◆ **Supplied material**:
┌────────

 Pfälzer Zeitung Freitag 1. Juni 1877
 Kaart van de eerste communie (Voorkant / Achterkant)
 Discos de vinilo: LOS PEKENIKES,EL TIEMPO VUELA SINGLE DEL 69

└────────
┌────────

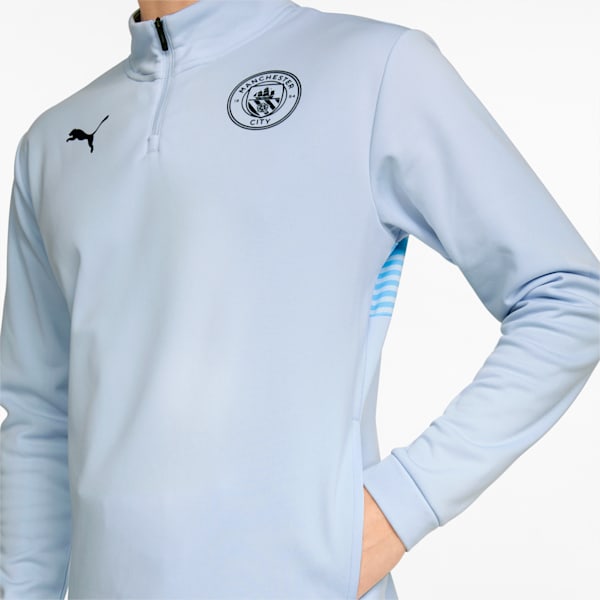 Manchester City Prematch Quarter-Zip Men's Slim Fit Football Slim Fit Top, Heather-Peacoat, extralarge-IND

└────────

◆ **Work instructions**:
Within the material above, transcribe exactly the lines that run from the line holding "Pfälzer Zeitung Freitag 1. Juni 1877" through the line holding "Discos de vinilo: LOS".

◆ **Exercise output**:
 Pfälzer Zeitung Freitag 1. Juni 1877
 Kaart van de eerste communie (Voorkant / Achterkant)
 Discos de vinilo: LOS PEKENIKES,EL TIEMPO VUELA SINGLE DEL 69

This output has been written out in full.